Я настраиваю конфигурацию безопасности в Spring и хочу, чтобы только пользователь мог получить доступ к ресурсам, которые я написал в конфигурации. Если я не написал DELETE, я не хочу, чтобы кто-нибудь из пользователей мог использовать этот запрос, например, это самое ограничительное, если я не добавлю это. Что я должен изменить в своем коде?

Я написал следующий код. GET и POST в порядке, но я могу удалить и не добавляю это разрешение.

@Configuration
@EnableWebSecurity
@EnableGlobalMethodSecurity(prePostEnabled = true)
public class SecurityJavaConfig extends WebSecurityConfigurerAdapter {

    @Override
    protected void configure(AuthenticationManagerBuilder auth) throws Exception {
        auth
            .inMemoryAuthentication()                             
                .withUser("user")
                    .password(encoder().encode("passExample"))
                    .roles("USER");
    }

    @Override
    protected void configure(HttpSecurity http) throws Exception {

        http
            .httpBasic()
                .and()
            .csrf()
                .disable()
            .authorizeRequests()
                .antMatchers(HttpMethod.GET, "/**").hasRole("USER")
                .antMatchers(HttpMethod.POST, "/**").hasRole("USER")
                .and()
            .formLogin()
                .permitAll();

....

Я ожидал, что если я сделаю запрос с DELETE, приложение не разрешит, потому что я не авторизовал его.

curl -X Delete locahost/servicio/1

{
    "timestamp": "2019-05-09T17:43:30.253+0000",
    "status": 401,
    "error": "Unauthorized",
    "message": "Unauthorized",
    "path": "/service"
}

Но фактическим выводом является состояние 204. Сервер успешно обработал запрос.

Answer 1

Вы должны ограничить любой другой запрос, см. Ссылка на Spring Security :

6.4 Авторизация запросов

В наших примерах требуется только аутентификация пользователей, и они выполняются для каждого URL в нашем приложении. Мы можем указать пользовательские требования для наших URL-адресов, добавив несколько дочерних элементов в наш метод http.authorizeRequests (). Например:

protected void configure(HttpSecurity http) throws Exception {
    http
        .authorizeRequests()                                                                1
            .antMatchers("/resources/**", "/signup", "/about").permitAll()                  2
            .antMatchers("/admin/**").hasRole("ADMIN")                                      3
            .antMatchers("/db/**").access("hasRole('ADMIN') and hasRole('DBA')")            4
            .anyRequest().authenticated()                                                   5
            .and()
        // ...
        .formLogin();
}

1. У метода http.authorizeRequests() есть несколько дочерних элементов, каждый сопоставитель рассматривается в том порядке, в котором они были объявлены.

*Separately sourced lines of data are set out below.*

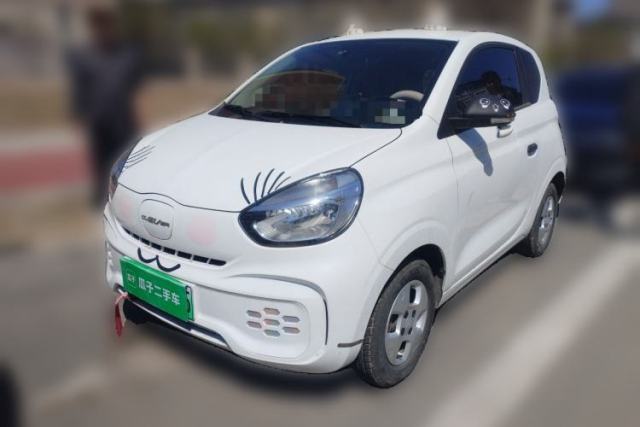 Used Roewe Clever 2021 302 km New Four-Seater Super-Efficient Version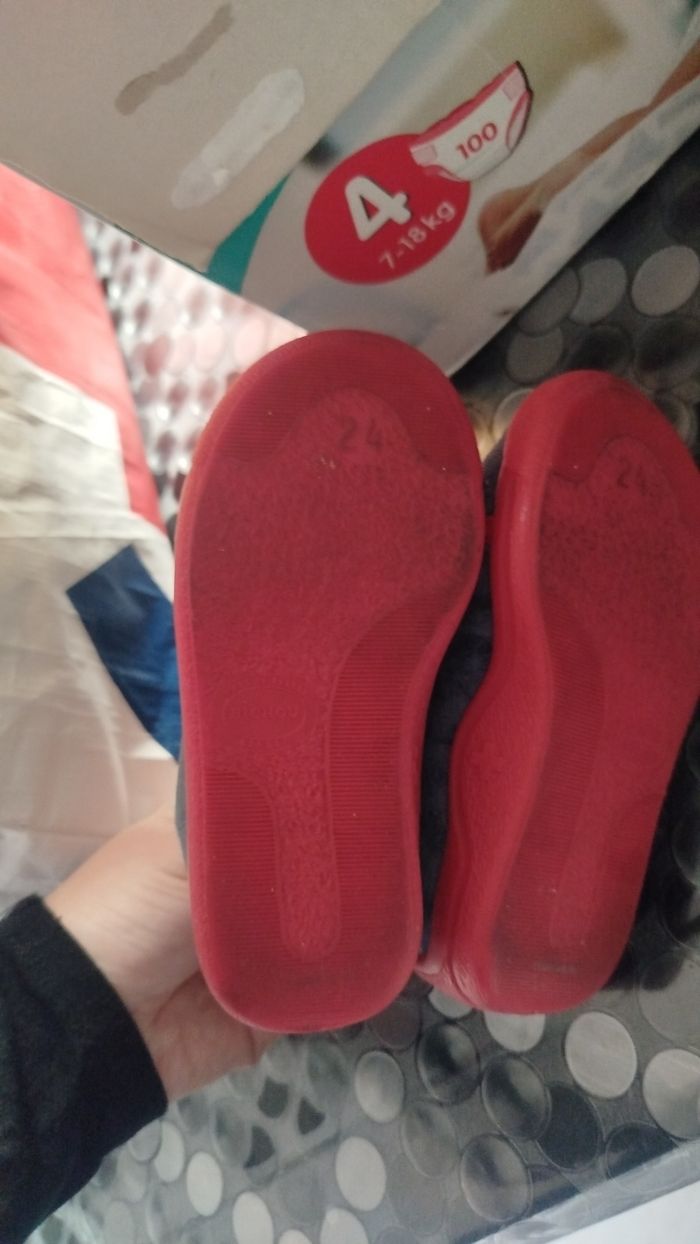 Chaussons bellamy  24 - photo numéro 3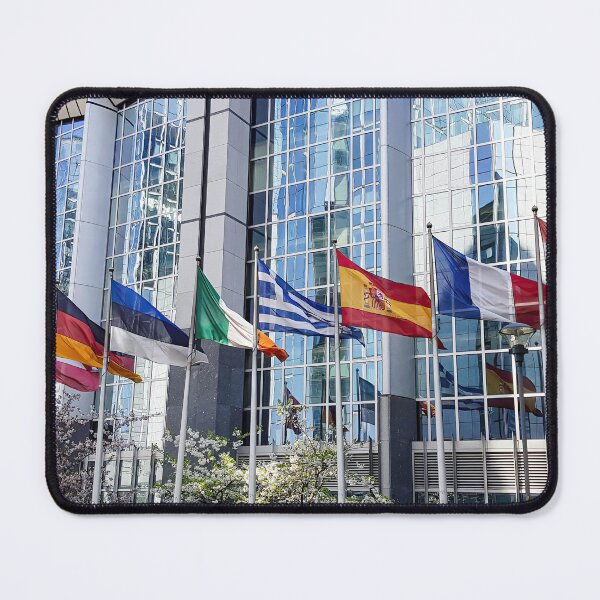 Item preview, European Parliament 1 designed and sold by nastiaart.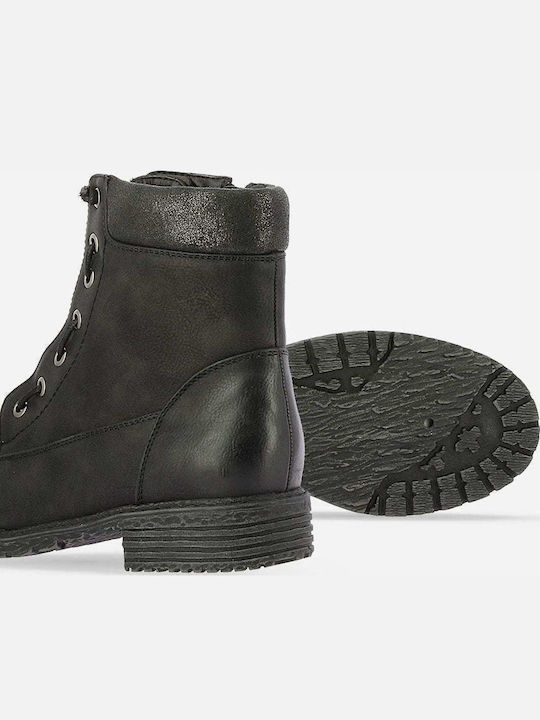 Women's Ankle Boots Black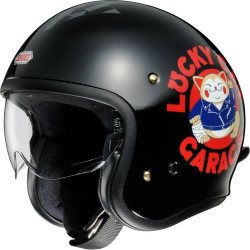 Casco aperto Shoei J.O Lucky Cat Garage -??%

2. Мы указали несколько шаблонов URL, к которым может получить доступ любой пользователь. В частности, любой пользователь может получить доступ к запросу, если URL начинается с "/ resources /", равно "/ signup" или равно "/about".

3. Любой URL-адрес, начинающийся с "/ admin /", будет доступен только пользователям, имеющим роль "ROLE_ADMIN". Вы заметите, что, поскольку мы вызываем метод hasRole, нам не нужно указывать префикс «ROLE_».

4. Любой URL, начинающийся с "/ db /", требует, чтобы у пользователя были и ROLE_ADMIN, и ROLE_DBA. Вы заметите, что, поскольку мы используем выражение hasRole, нам не нужно указывать префикс «ROLE_».

5. Любой URL, который еще не был найден, требует только аутентификации пользователя

и см. ExpressionUrlAuthorizationConfigurer#denyAll:

denyAll

public ExpressionUrlAuthorizationConfigurer.ExpressionInterceptUrlRegistry denyAll()

Укажите, что URL никому не разрешены.

Ваш модифицированный код:

@Override
protected void configure(HttpSecurity http) throws Exception {

    http
        .httpBasic()
            .and()
        .csrf()
            .disable()
        .authorizeRequests()
            .antMatchers(HttpMethod.GET, "/**").hasRole("USER")
            .antMatchers(HttpMethod.POST, "/**").hasRole("USER")
            .anyRequest().denyAll()
            .and()
        .formLogin()
            .permitAll();
}

Answer 2

Вы настроили любой запрос GET и POST к любым конечным точкам, который должен иметь роль пользователя ROLE_USER и разрешать все другие типы запросов, такие как (DELETE, HEAD, PUT и т. Д..).Попробуйте отклонить все другие типы запросов.

.antMatchers("/**").denyAll(); или .anyRequest().denyAll();

Обратите внимание, что порядок имеет значение здесь.Если вы укажете это до запроса GET или POST, все запросы будут отклонены.